# Evaluate the limit of the indeterminate quotient?

## Feb 8, 2017

${\lim}_{x \to 0} \frac{\sqrt{7 - x} - \sqrt{7 + x}}{x} = - \frac{1}{\sqrt{7}}$

#### Explanation:

Evaluate the limit:

${\lim}_{x \to 0} \frac{\sqrt{7 - x} - \sqrt{7 + x}}{x}$

Rationalize the numerator of the function using the identity: $\left(a + b\right) \left(a - b\right) = \left({a}^{2} - {b}^{2}\right)$:

$\frac{\sqrt{7 - x} - \sqrt{7 + x}}{x} = \left(\frac{\sqrt{7 - x} - \sqrt{7 + x}}{x}\right) \left(\frac{\sqrt{7 - x} + \sqrt{7 + x}}{\sqrt{7 - x} + \sqrt{7 + x}}\right) = \frac{7 - x - 7 - x}{x \left(\sqrt{7 - x} + \sqrt{7 + x}\right)} = - \frac{2 x}{x \left(\sqrt{7 - x} + \sqrt{7 + x}\right)} = - \frac{2}{\sqrt{7 - x} + \sqrt{7 + x}}$

Now the limit is determinate:

${\lim}_{x \to 0} \frac{\sqrt{7 - x} - \sqrt{7 + x}}{x} = {\lim}_{x \to 0} - \frac{2}{\sqrt{7 - x} + \sqrt{7 + x}} = - \frac{1}{\sqrt{7}}$

Feb 9, 2017

$- \frac{1}{\sqrt{7}}$

#### Explanation:

Here is another way of solving it. Slightly messy.

L'hopital's Rule:

${\lim}_{x \to 0} \frac{f \left(x\right)}{g \left(x\right)} = {\lim}_{x \to 0} \frac{{f}^{'} \left(x\right)}{{g}^{'} \left(x\right)}$ only if the expression is indeterminate .

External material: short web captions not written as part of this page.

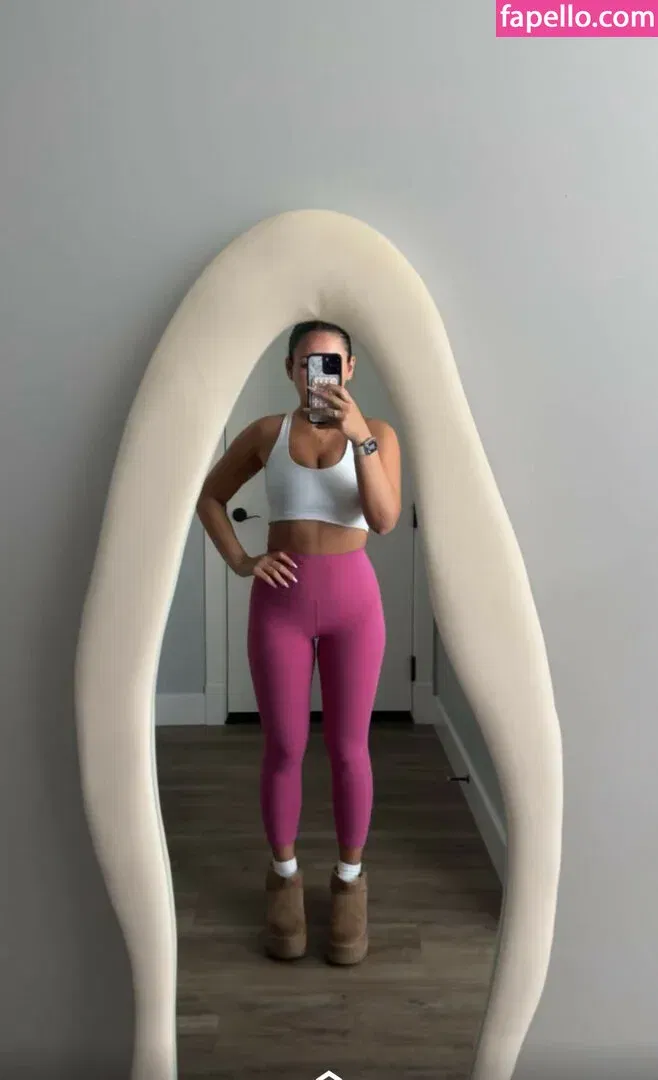 Zoe Ferguson Onlyfans Photo Gallery 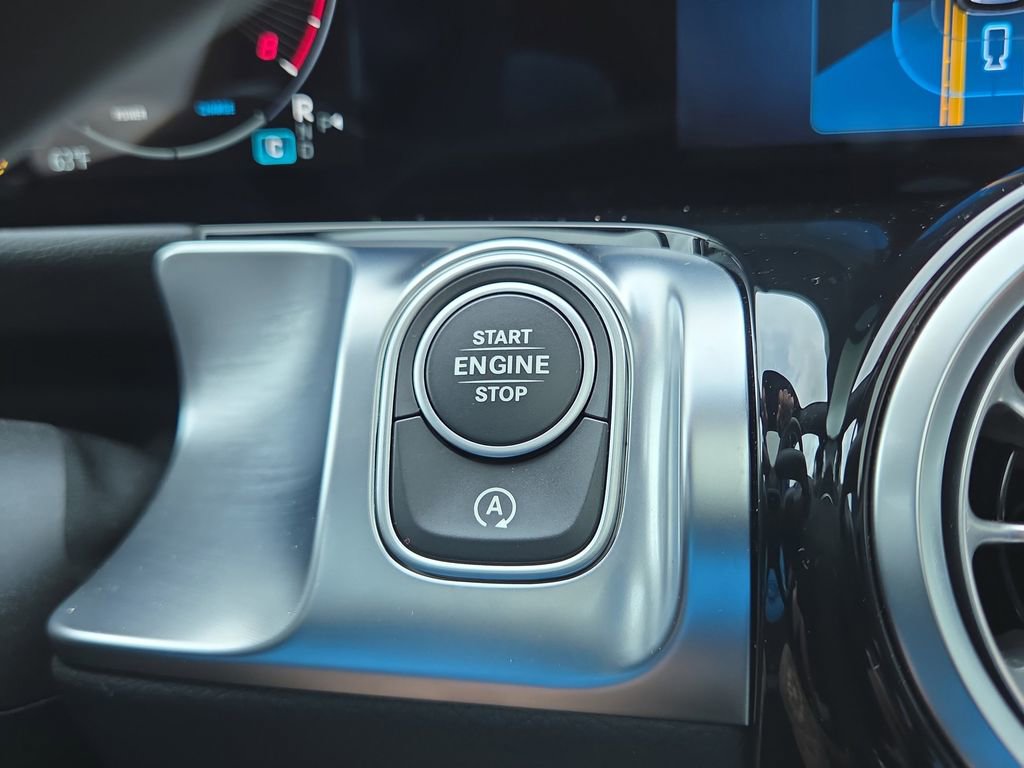 Certified 2026 Mercedes-Benz GLB 250 GLB 250 image 27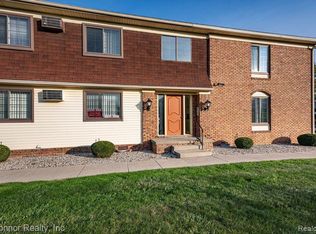 1900 River Rd APT D2, Marysville, MI 48040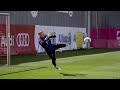 How to train like manuel neuer  goalkeeper training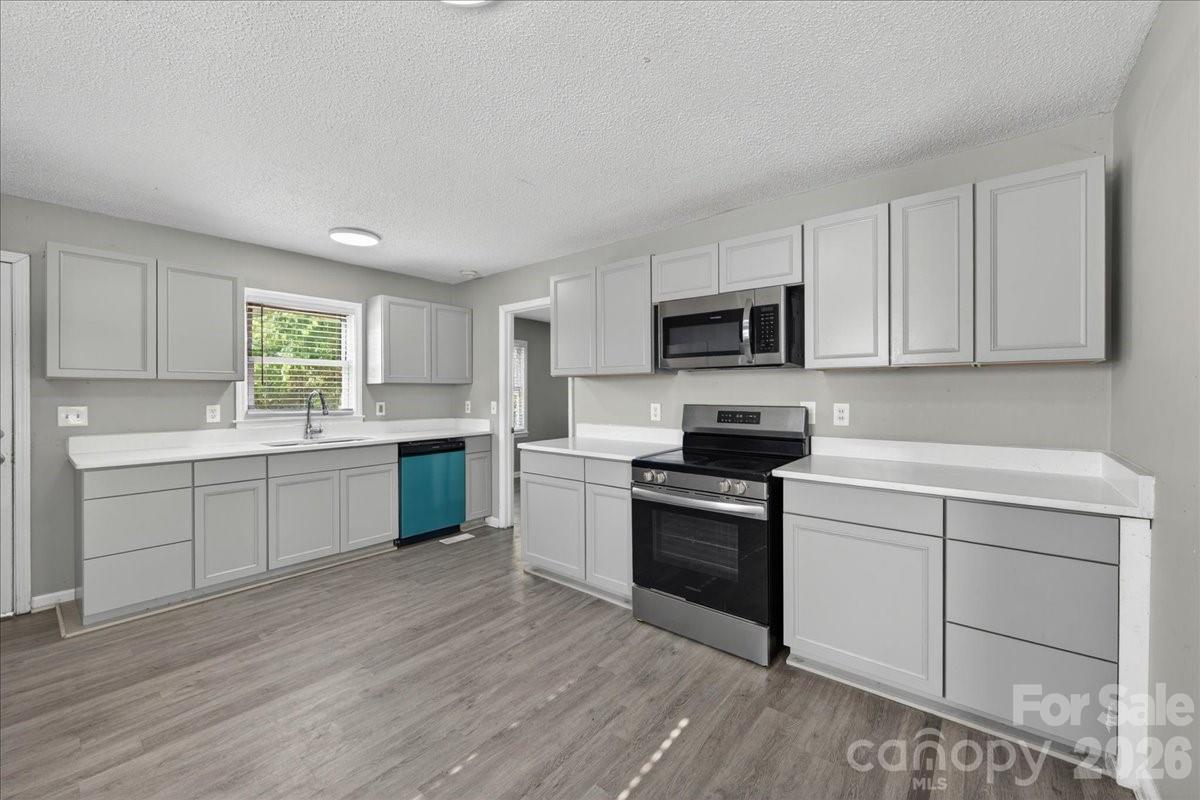 936 Holland Avenue Property Photo 10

${f}^{'} \left(x\right)$ is simply the derivative of $f \left(x\right)$ with respect to $x$.

Now via L'hopital's Rule (differentiate the numerator and the denominator separately), ${\lim}_{x \to 0} = \frac{\sqrt{7 - x} - \sqrt{7 + x}}{x} = {\lim}_{x \to 0} \frac{- \frac{1}{2} {\left(7 - x\right)}^{- \frac{1}{2}} - \frac{1}{2} {\left(7 + x\right)}^{- \frac{1}{2}}}{1} = - \frac{1}{2} \left(\frac{1}{\sqrt{7 - x}} + \frac{1}{\sqrt{7 + x}}\right)$

Let $x = 0$ and you get $- \frac{1}{\sqrt{7}}$